No family history of any medical issues. No meds in entire life. Smoked pack-a-day for nealy 23 years. quit 6 years ago. And ate an ultra-high carb(north of 500-750g/day) /low-fat diet most of my life until two years ago. Whole thing is still a mystery. If smoking+utra-high carbs were the drivers it’s a miracle all the other arteries are this clean.
Continuing on with the Low-carb but moderate fat diet until I get more direction from lipidologists. All the meds is so scary at the current very high dosages. Cardiologists – despite best intentions – seem to be prescribing things targeting the wrong things…and extreme doses…
Based on my history – assuming smoking/high-carb diet were the main culprits, that does not exist today, I could very well be being treated for the wrong problem.
Little professional info. on LCHF diet while on these post-heart-attack/stent medications (i.e., secondary prevention as docs call it). (the ketone measurement today was my first shock…indicating LCHF may not be viable.)
“Although statins are by many experts considered to be relatively harmless, adverse effects do occur.”
In the USA, I wonder how “experts” wind up considering statins to be relatively harmless. After drugs reach the market in the US, no one, and certainly not physicians, is required to report adverse effects.

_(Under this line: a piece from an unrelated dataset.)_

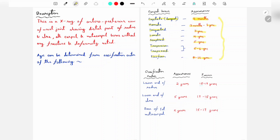By these appearances you will be able to determine the age of a child. The main ossification centers in the wrist X-ray are the lower end of radius, lower end of ulna, and base of the first metacarpal bone. The lower end of radius appears in the second year and fusion occurs at 18 to 19 years. The lower end of ulna appears at five years of age and fusion occurs at 17 to 18 years. The base of the first metacarpal appears in the second year and fusion occurs at 15 to 17 years of age.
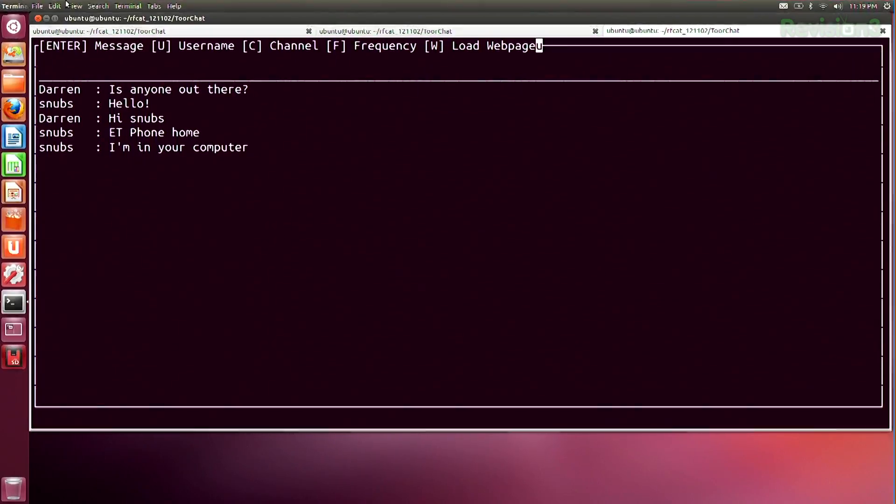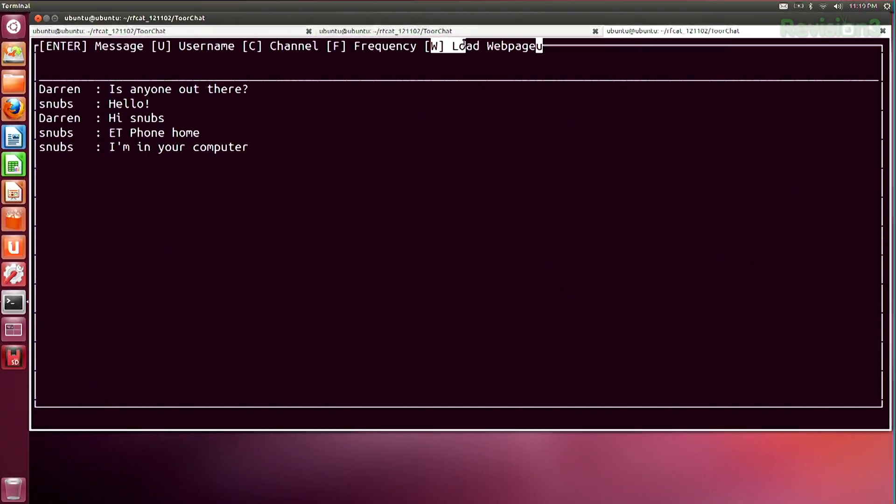A neat feature they added is 'W' for load webpage — if you enter a URL and your computer isn't online but mine is, I'll fetch that URL for you and open Firefox. It's totally not secure as implemented, but it's a cool idea that we can bridge the internet through those frequencies. And you can do encryption over ISM bands.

A recent NY Times article says that 1/4 of statin users experience muscle pain. Are we to assume that this is benign? Why?
No one has a financial interest in finding out that statins have common and sometimes even lethal adverse effects, or to what degree this is the case.
StatinVictims.com
David
I completely agree. I think the side effects of statins have been underestimated.
https://www.docsopinion.com/2014/04/07/side-effects-of-statins/
Im a 45 year old male, healthy lipid profile (Total Cholesterol: 173 LDL: 102 HDL: 42 Triglycerides: 125, normal blood pressure. Exercise daily
Chest pains had brought me into the emergency room last month, where they did a bunch of tests to rule out a heart issue. Thankfully it was not heart related. But they did do a CT Scan where my Calcium Score came back at 22.
The full report on the Scan findings are as follows:
Left Main Coronary Artery is Patent without obstructive disease
Left Anterior Decending Artery contains mixed plaque in the mid segment with mild (Approximately 30%) luminal stenosis. The remainder of the LAD appears patent without obstructive disease.
LCX appears patent without obstructive disease
RCA appears patent without obstructive disease
My doctor wants me to start Statins (Lipitor) 20mg/day. He said that although my current profile isn’t too bad, that its more of a preventative measure. Im not sure what to think. Or where I stand in the grand scheme of things for my age and compared to most people, etc.
Would you consider me to be a high risk?? Not sure if Im doomed here or not. The stress of the uncertainty is actually giving me chest pains. What does this all mean? Is my calcium score really high? And are the findings in the Scan anything to be concerned with?
Where it possble to CAC scoring closest to Finland. Obviously not possble in Finland?